== SUPPLIED RECORDS ==
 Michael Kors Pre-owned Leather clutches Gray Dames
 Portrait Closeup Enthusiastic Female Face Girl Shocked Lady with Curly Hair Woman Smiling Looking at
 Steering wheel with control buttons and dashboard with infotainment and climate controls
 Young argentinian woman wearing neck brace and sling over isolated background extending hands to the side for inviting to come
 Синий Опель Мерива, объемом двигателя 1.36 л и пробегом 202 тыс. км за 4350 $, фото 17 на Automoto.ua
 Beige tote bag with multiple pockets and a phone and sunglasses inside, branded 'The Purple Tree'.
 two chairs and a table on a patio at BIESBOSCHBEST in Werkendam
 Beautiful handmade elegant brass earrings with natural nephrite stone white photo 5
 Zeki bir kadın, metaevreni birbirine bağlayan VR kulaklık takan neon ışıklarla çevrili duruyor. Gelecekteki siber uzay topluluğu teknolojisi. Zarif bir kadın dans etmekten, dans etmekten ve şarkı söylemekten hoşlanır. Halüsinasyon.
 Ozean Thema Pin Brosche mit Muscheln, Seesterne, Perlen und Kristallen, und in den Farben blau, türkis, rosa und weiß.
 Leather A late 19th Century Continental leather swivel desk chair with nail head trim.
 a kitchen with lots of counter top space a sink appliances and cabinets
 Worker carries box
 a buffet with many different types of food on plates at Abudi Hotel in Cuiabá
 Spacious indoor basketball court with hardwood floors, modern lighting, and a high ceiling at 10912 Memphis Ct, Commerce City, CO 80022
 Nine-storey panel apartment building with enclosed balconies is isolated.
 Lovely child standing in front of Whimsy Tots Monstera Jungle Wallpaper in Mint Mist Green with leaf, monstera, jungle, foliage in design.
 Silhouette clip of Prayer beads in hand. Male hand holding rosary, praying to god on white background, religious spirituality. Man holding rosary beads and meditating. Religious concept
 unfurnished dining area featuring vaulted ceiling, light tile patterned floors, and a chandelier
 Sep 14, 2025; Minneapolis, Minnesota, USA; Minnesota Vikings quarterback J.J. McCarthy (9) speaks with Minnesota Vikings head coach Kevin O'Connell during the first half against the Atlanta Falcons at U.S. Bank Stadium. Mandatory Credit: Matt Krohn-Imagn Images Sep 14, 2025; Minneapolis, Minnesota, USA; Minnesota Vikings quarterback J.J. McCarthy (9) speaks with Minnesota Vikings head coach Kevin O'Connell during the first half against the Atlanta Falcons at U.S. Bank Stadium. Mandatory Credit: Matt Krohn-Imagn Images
===
Above are the records. Copy the lines beginning at the one that has "a buffet with" and ending with the one that has "Lovely child standing", unchanged.

 a buffet with many different types of food on plates at Abudi Hotel in Cuiabá
 Spacious indoor basketball court with hardwood floors, modern lighting, and a high ceiling at 10912 Memphis Ct, Commerce City, CO 80022
 Nine-storey panel apartment building with enclosed balconies is isolated.
 Lovely child standing in front of Whimsy Tots Monstera Jungle Wallpaper in Mint Mist Green with leaf, monstera, jungle, foliage in design.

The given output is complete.